"""

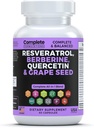 Quercetin, Berberine, Skin Health için Grape Tohum ve Polifenol Mix, Immune Support & Antioksi Boost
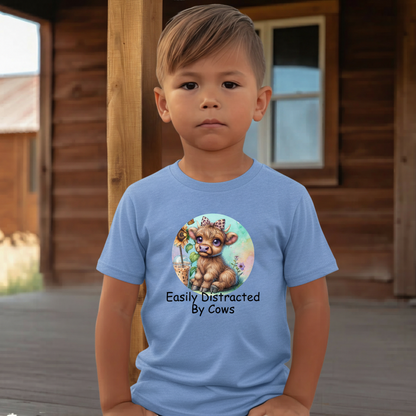 Easily Distracted By Cows Youth Graphic Tee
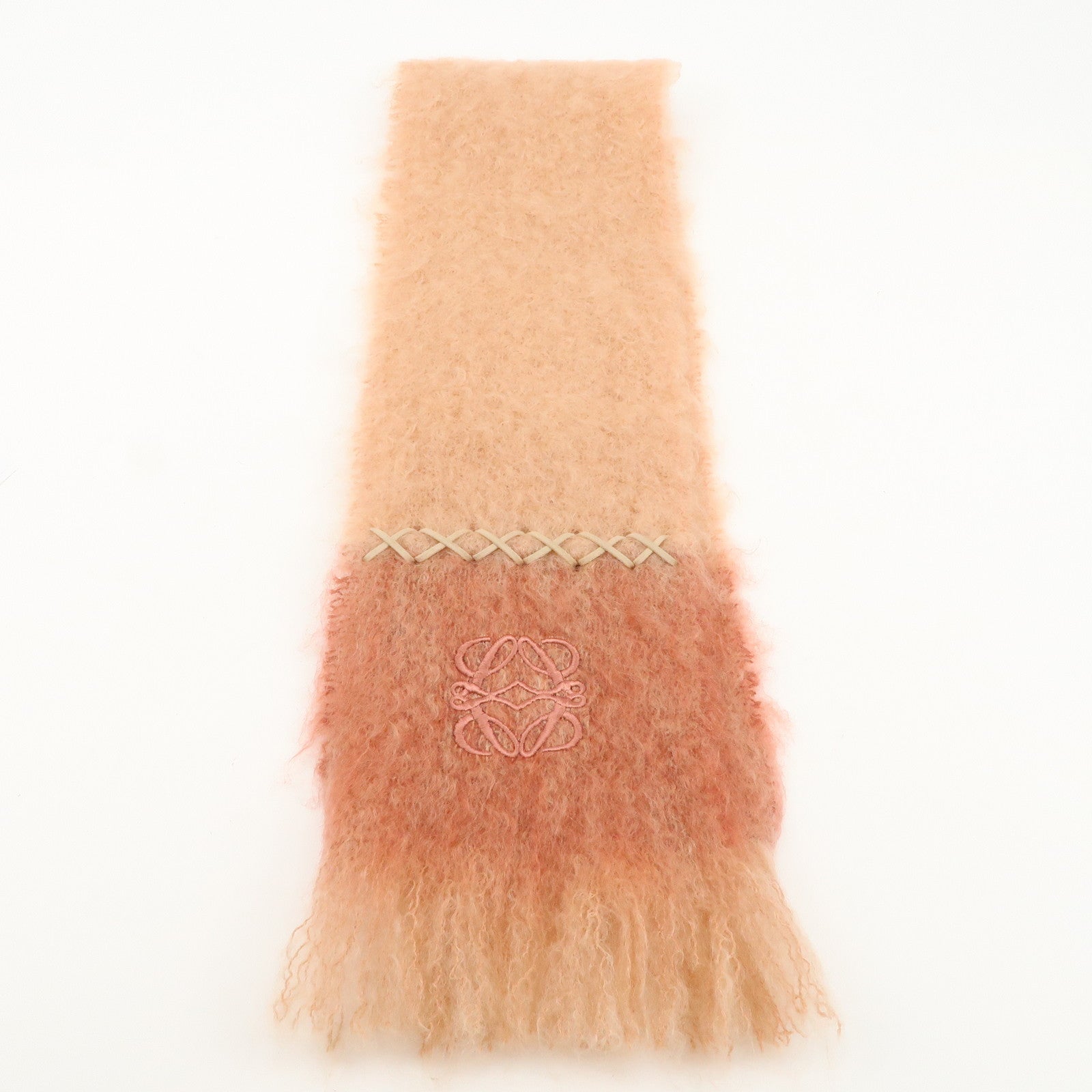 LOEWE Anagram Mohair Wool Scarf Coral Pink Used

"""

Work required:
Give back every line of the material exactly as written, but not the pictures.

Solution to this problem:
 Quercetin, Berberine, Skin Health için Grape Tohum ve Polifenol Mix, Immune Support & Antioksi Boost
 Easily Distracted By Cows Youth Graphic Tee
 LOEWE Anagram Mohair Wool Scarf Coral Pink Used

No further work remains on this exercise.